City officials have reportedly been spraying Volgograd Arena and the nearby marshlands with insecticide for the last few days, to little avail. Apparently bugs are a regular feature of the Volgograd summer, due to warm air and fertile breeding grounds in the Volga River. But no one seems to have issued any particular advance warning to the visitors who came to watch England’s 2-1 victory over Tunisia in the first World Cup match in this city, in the Russian southeast.
If the situation was untenable during the day on Monday, when the temperatures climbed into the 90s, it certainly improved by the time the game started, at 9 p.m. But the bugs were still there, at times deploying their own kind of teamwork by massing together and attacking as a unit.
Players could be seen waving their arms futilely in front of their faces during play. So could many fans, who were not allowed to bring liquids into the stadium and had to go bug spray-less. A reporter for a German TV station resorted to protective netting around her head.

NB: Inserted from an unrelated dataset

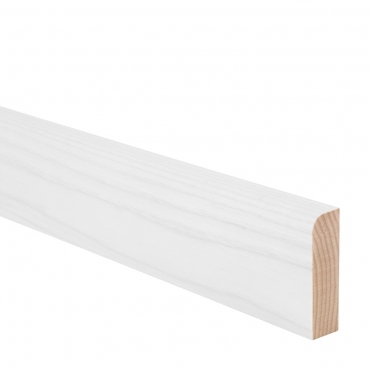 Solid Ash Bullnose Kitchen Worktop Upstand 3 Metre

No one was happy (except maybe the bugs themselves, with all those new victims in town). Presumably, Tunisians are as discomfited by insects to the same degree as English people are. But characteristically, the English news media interpreted the situation as a kind of national affront disproportionately affecting its own players — and its own reporters.
The Sky correspondent Kaveh Solhekol, for instance, tweeted that he had to abort a live broadcast at the last minute after being swarmed by “an invasion of flies” outside the England team’s hotel.

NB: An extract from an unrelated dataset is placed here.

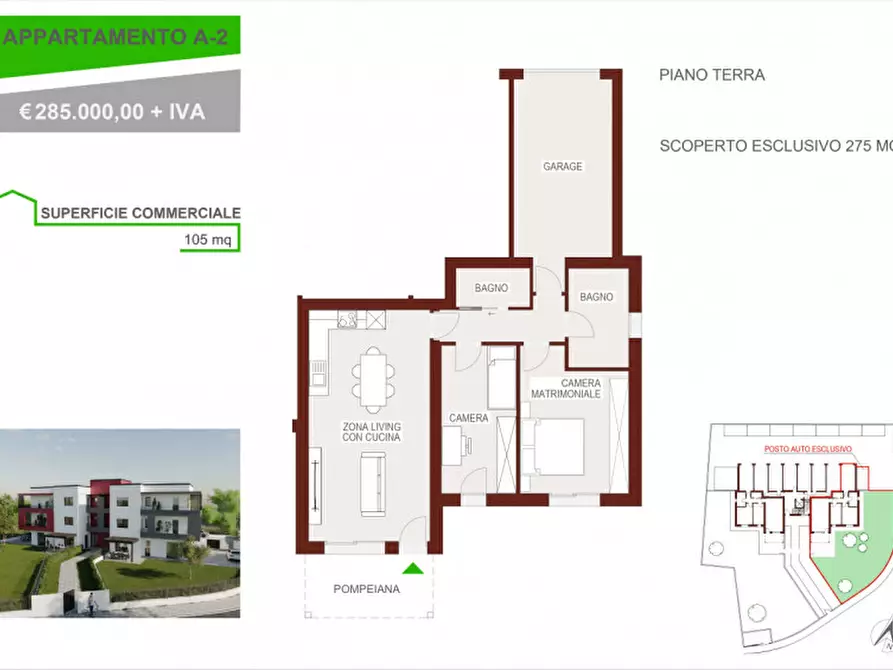Immagine 4 di Appartamento in vendita  a Portogruaro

#ENG had to add some extra preparation ahead of their clash with #TUN due to a swarm of bugs #WorldCup pic.twitter.com/HCh2ukIeMf
— ITV News (@itvnews) June 18, 2018
The bugs, a frequent issue in the city, are so prevalent that helicopters have been deployed to spray insecticide on Volgograd Arena, the site of four games over the course of the tournament. The choppers will also spray marshlands on the outskirts of the Volga River, which flows through the city.
How bad is it?
“They are on your face, stick to your lips, get inside your nostrils, your ears and your hair,” BBC Sport’s Natalie Pirks said. “I’ve had to debug myself at bedtime as you find dead ones you’ve splatted in the strangest of places.”